═════ Source data ═════
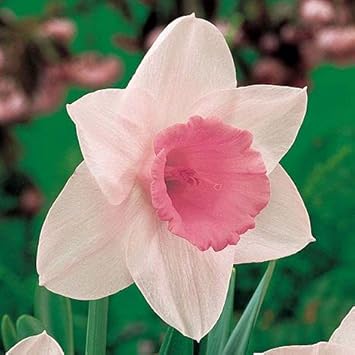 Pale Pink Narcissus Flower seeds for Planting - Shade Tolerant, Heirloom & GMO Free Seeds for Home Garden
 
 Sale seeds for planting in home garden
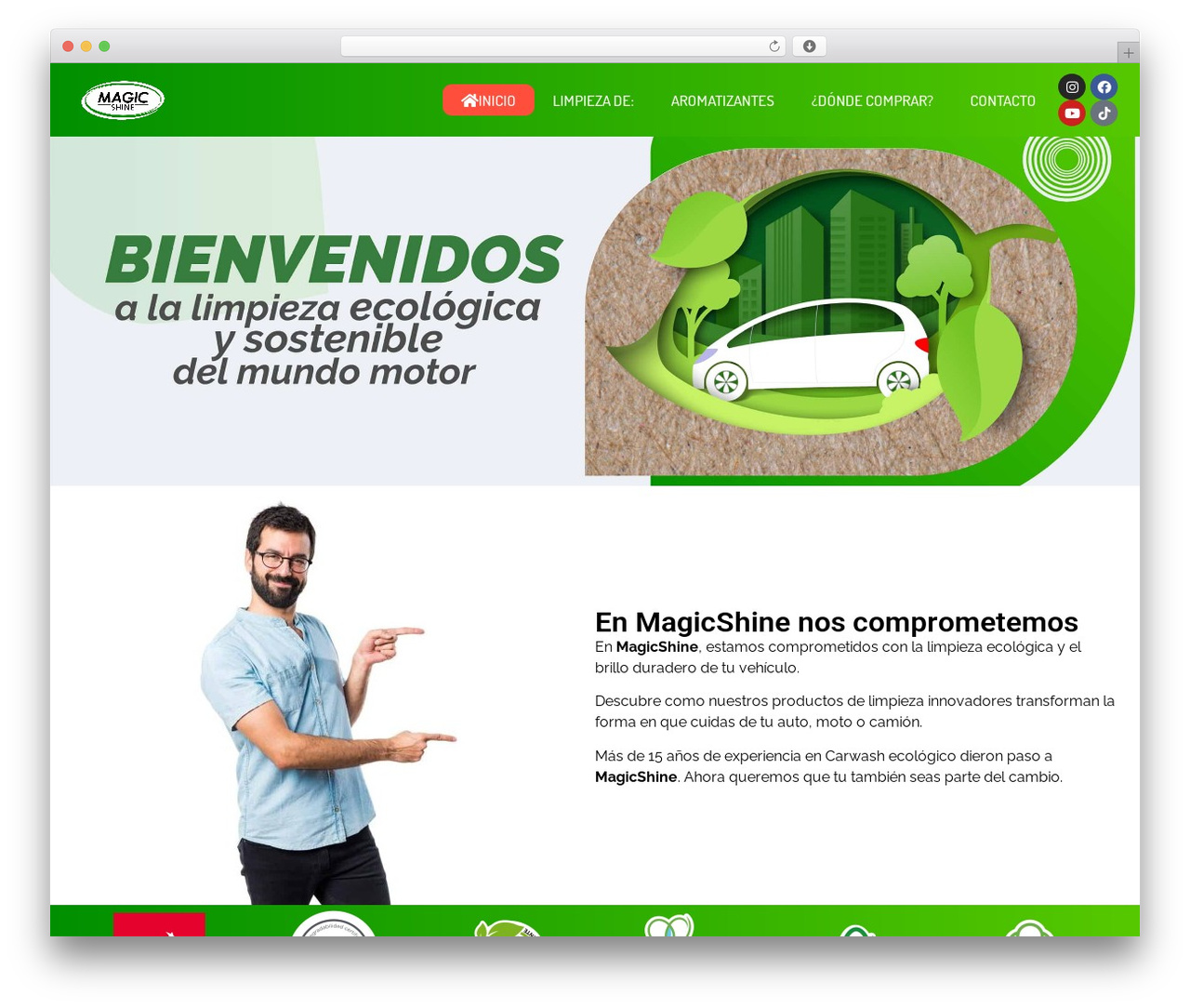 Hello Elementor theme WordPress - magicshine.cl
═════
═════ Source data ═════
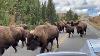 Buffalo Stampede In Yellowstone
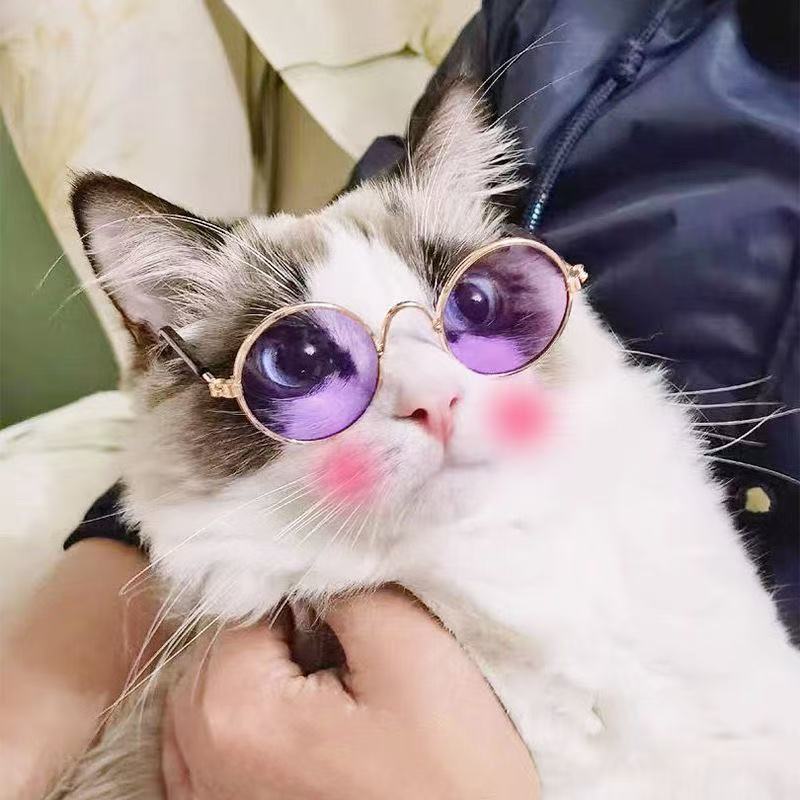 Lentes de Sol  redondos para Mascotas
═════
### Problem description
Set down, exactly as written above, each line from the one with "Pale Pink Narcissus" through the one with "Hello Elementor theme", and skip the pictures.

### Result
 Pale Pink Narcissus Flower seeds for Planting - Shade Tolerant, Heirloom & GMO Free Seeds for Home Garden
 
 Sale seeds for planting in home garden
 Hello Elementor theme WordPress - magicshine.cl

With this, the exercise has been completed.